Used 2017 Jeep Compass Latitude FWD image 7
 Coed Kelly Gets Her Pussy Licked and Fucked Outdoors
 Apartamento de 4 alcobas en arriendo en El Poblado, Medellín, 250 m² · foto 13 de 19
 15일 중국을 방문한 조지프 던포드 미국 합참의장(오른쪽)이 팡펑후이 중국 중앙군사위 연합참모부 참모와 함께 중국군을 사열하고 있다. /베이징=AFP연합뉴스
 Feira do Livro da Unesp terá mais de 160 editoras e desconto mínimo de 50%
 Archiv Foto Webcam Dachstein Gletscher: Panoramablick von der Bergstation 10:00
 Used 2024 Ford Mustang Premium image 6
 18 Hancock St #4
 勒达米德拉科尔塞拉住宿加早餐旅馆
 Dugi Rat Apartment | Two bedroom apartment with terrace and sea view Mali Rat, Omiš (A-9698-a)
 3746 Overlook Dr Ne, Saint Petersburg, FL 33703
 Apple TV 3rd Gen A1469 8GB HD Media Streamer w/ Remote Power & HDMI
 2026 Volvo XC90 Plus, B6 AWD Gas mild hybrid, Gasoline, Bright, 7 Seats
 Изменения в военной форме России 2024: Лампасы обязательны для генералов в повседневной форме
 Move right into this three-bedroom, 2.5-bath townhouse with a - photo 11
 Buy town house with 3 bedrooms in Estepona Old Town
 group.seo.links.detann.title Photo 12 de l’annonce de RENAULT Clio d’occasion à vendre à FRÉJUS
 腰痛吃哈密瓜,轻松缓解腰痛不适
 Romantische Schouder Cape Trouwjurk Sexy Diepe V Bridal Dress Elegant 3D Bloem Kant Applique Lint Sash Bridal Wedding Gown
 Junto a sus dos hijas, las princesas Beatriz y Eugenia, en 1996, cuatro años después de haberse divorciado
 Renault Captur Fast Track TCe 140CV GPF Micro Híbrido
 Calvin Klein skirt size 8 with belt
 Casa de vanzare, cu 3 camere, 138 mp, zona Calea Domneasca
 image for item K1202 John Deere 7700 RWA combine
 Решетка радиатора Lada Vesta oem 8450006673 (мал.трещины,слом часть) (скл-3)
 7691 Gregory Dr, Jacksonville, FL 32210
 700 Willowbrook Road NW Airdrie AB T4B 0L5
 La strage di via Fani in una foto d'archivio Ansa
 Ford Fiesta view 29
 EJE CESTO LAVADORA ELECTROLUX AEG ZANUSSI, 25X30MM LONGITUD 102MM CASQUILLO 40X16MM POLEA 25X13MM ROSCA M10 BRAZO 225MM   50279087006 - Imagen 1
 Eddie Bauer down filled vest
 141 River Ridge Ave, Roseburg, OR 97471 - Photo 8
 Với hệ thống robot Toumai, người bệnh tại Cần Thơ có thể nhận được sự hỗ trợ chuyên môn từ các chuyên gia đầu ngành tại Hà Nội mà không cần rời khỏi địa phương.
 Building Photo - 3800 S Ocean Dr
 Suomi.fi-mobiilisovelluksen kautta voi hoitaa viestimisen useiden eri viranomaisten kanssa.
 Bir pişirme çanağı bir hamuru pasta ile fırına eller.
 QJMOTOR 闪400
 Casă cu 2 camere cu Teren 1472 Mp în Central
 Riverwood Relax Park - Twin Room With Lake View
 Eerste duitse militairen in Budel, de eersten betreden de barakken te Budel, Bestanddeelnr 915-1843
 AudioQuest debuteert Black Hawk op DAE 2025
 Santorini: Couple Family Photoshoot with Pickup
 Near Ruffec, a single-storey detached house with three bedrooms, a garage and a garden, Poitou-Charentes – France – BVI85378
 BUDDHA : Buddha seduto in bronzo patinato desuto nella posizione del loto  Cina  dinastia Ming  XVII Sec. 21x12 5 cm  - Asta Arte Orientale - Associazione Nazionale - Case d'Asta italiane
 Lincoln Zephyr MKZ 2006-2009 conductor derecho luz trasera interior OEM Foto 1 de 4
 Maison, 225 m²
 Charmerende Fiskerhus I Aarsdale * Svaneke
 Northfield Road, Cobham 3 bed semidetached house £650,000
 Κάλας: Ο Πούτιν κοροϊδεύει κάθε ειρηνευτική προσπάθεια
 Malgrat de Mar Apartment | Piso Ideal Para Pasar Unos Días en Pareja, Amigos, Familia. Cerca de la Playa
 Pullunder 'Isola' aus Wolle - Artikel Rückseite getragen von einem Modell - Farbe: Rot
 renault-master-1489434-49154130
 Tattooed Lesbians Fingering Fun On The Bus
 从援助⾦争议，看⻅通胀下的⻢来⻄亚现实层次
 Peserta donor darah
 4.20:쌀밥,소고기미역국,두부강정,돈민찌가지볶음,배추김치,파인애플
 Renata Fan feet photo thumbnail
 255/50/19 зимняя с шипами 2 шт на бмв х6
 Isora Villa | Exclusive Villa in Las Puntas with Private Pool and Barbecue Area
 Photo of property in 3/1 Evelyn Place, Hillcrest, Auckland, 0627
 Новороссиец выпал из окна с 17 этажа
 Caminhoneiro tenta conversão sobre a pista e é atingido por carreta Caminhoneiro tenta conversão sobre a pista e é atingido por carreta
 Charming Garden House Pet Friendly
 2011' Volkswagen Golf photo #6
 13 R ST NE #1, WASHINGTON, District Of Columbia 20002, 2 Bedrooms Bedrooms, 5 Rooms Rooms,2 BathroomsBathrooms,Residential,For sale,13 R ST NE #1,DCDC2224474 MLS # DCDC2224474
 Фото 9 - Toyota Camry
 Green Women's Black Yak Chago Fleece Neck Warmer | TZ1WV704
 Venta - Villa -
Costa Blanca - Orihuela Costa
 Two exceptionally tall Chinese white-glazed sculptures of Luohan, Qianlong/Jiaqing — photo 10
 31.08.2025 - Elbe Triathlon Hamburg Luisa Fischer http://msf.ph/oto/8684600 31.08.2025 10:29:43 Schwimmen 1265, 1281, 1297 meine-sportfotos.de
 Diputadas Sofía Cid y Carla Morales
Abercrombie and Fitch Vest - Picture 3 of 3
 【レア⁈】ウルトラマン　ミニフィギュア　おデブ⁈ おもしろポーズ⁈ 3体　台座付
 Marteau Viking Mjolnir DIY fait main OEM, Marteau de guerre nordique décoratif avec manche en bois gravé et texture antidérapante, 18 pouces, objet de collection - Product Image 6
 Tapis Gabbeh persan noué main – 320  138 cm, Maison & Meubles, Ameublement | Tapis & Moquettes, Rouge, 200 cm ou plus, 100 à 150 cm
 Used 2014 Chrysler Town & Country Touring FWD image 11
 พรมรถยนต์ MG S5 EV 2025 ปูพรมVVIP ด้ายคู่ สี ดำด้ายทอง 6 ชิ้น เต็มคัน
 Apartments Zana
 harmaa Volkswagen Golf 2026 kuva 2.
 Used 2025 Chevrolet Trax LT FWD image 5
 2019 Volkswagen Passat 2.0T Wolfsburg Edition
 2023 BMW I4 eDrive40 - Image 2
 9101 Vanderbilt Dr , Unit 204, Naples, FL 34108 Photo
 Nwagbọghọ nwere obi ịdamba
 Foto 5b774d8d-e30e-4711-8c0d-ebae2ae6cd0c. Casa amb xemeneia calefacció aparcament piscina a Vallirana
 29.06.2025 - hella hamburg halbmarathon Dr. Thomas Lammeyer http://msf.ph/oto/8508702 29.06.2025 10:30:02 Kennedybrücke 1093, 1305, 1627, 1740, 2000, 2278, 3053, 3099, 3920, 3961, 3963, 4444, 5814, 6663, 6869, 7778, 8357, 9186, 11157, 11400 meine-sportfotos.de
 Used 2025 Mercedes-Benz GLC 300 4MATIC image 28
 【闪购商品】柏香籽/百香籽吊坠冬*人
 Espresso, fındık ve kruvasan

——

To do
Using the records above, set down exactly the lines from the one with "Coed Kelly Gets" through the one with "Calvin Klein skirt size 8 with belt", inclusive, and nothing more.

Response to the task
 Coed Kelly Gets Her Pussy Licked and Fucked Outdoors
 Apartamento de 4 alcobas en arriendo en El Poblado, Medellín, 250 m² · foto 13 de 19
 15일 중국을 방문한 조지프 던포드 미국 합참의장(오른쪽)이 팡펑후이 중국 중앙군사위 연합참모부 참모와 함께 중국군을 사열하고 있다. /베이징=AFP연합뉴스
 Feira do Livro da Unesp terá mais de 160 editoras e desconto mínimo de 50%
 Archiv Foto Webcam Dachstein Gletscher: Panoramablick von der Bergstation 10:00
 Used 2024 Ford Mustang Premium image 6
 18 Hancock St #4
 勒达米德拉科尔塞拉住宿加早餐旅馆
 Dugi Rat Apartment | Two bedroom apartment with terrace and sea view Mali Rat, Omiš (A-9698-a)
 3746 Overlook Dr Ne, Saint Petersburg, FL 33703
 Apple TV 3rd Gen A1469 8GB HD Media Streamer w/ Remote Power & HDMI
 2026 Volvo XC90 Plus, B6 AWD Gas mild hybrid, Gasoline, Bright, 7 Seats
 Изменения в военной форме России 2024: Лампасы обязательны для генералов в повседневной форме
 Move right into this three-bedroom, 2.5-bath townhouse with a - photo 11
 Buy town house with 3 bedrooms in Estepona Old Town
 group.seo.links.detann.title Photo 12 de l’annonce de RENAULT Clio d’occasion à vendre à FRÉJUS
 腰痛吃哈密瓜,轻松缓解腰痛不适
 Romantische Schouder Cape Trouwjurk Sexy Diepe V Bridal Dress Elegant 3D Bloem Kant Applique Lint Sash Bridal Wedding Gown
 Junto a sus dos hijas, las princesas Beatriz y Eugenia, en 1996, cuatro años después de haberse divorciado
 Renault Captur Fast Track TCe 140CV GPF Micro Híbrido
 Calvin Klein skirt size 8 with belt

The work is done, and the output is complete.